# [EXERCISE]
Set down the data again word for word. Skip any pictures.

****************************************

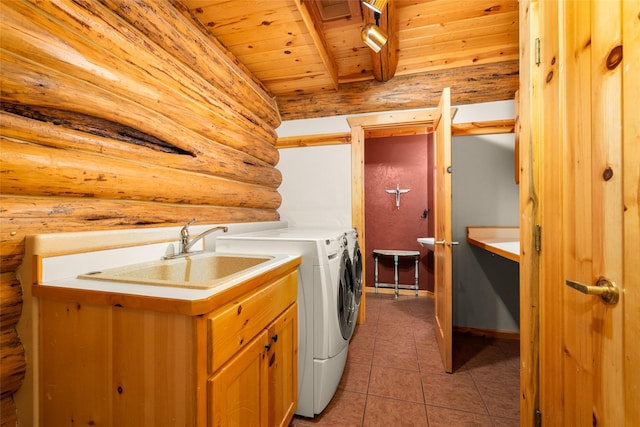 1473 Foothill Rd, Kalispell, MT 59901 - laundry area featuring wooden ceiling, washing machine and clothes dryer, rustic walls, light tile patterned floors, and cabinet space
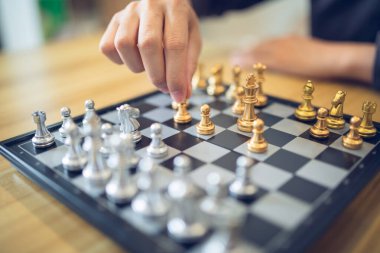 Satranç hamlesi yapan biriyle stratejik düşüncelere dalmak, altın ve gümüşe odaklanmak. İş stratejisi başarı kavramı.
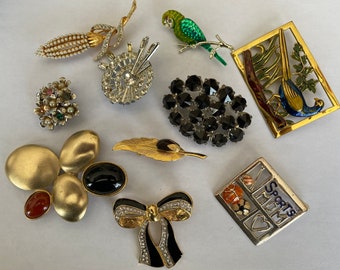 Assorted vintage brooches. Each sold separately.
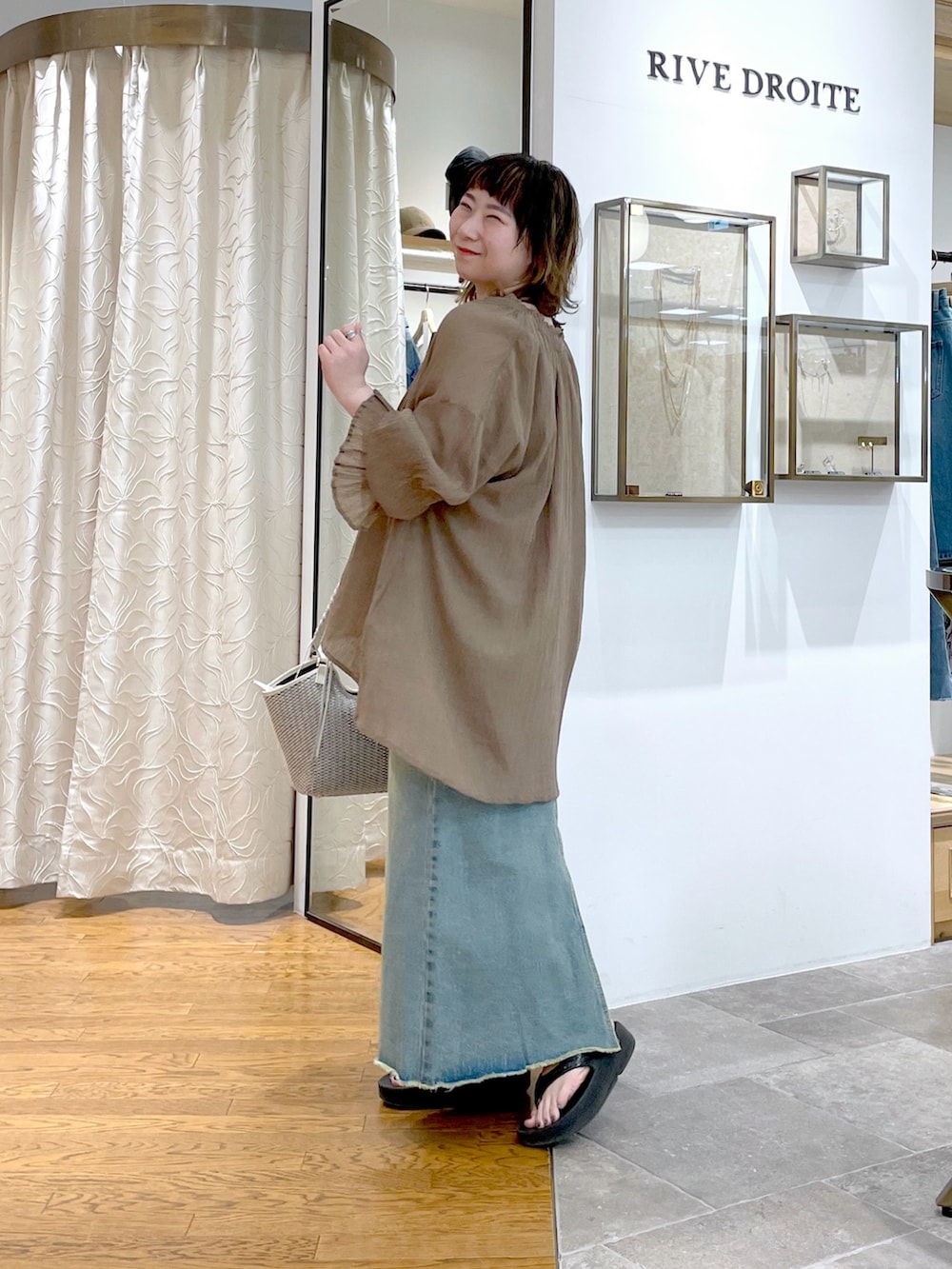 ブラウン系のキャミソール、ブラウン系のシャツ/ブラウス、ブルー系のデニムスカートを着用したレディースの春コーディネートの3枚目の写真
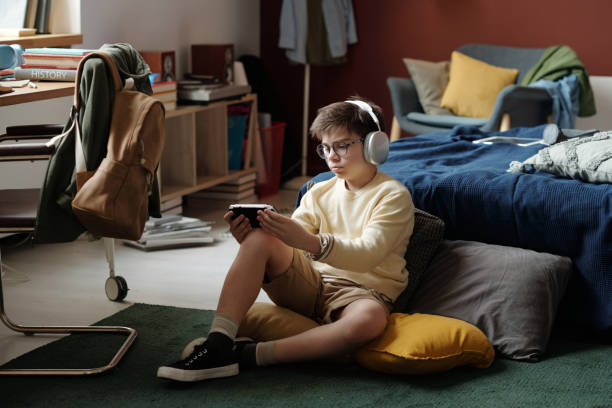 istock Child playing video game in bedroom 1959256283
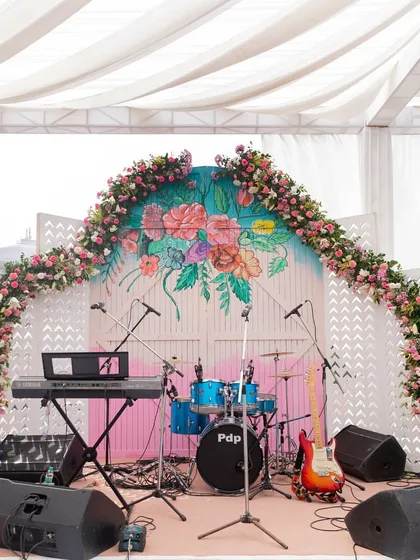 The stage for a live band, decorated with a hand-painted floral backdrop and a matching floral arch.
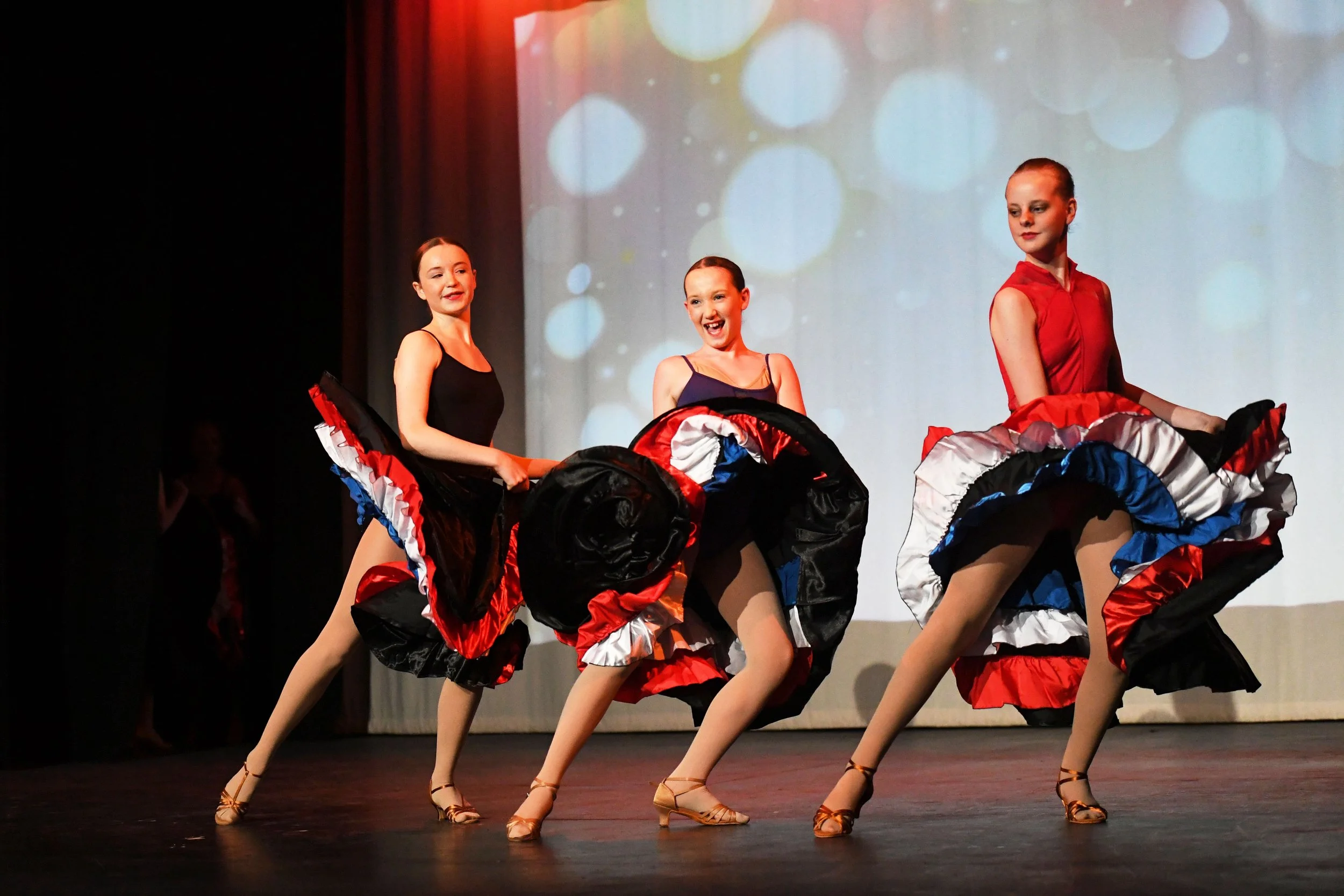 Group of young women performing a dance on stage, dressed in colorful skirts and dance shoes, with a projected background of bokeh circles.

****************************************

# [YOUR SOLUTION]
 1473 Foothill Rd, Kalispell, MT 59901 - laundry area featuring wooden ceiling, washing machine and clothes dryer, rustic walls, light tile patterned floors, and cabinet space
 Satranç hamlesi yapan biriyle stratejik düşüncelere dalmak, altın ve gümüşe odaklanmak. İş stratejisi başarı kavramı.
 Assorted vintage brooches. Each sold separately.
 ブラウン系のキャミソール、ブラウン系のシャツ/ブラウス、ブルー系のデニムスカートを着用したレディースの春コーディネートの3枚目の写真
 istock Child playing video game in bedroom 1959256283
 The stage for a live band, decorated with a hand-painted floral backdrop and a matching floral arch.
 Group of young women performing a dance on stage, dressed in colorful skirts and dance shoes, with a projected background of bokeh circles.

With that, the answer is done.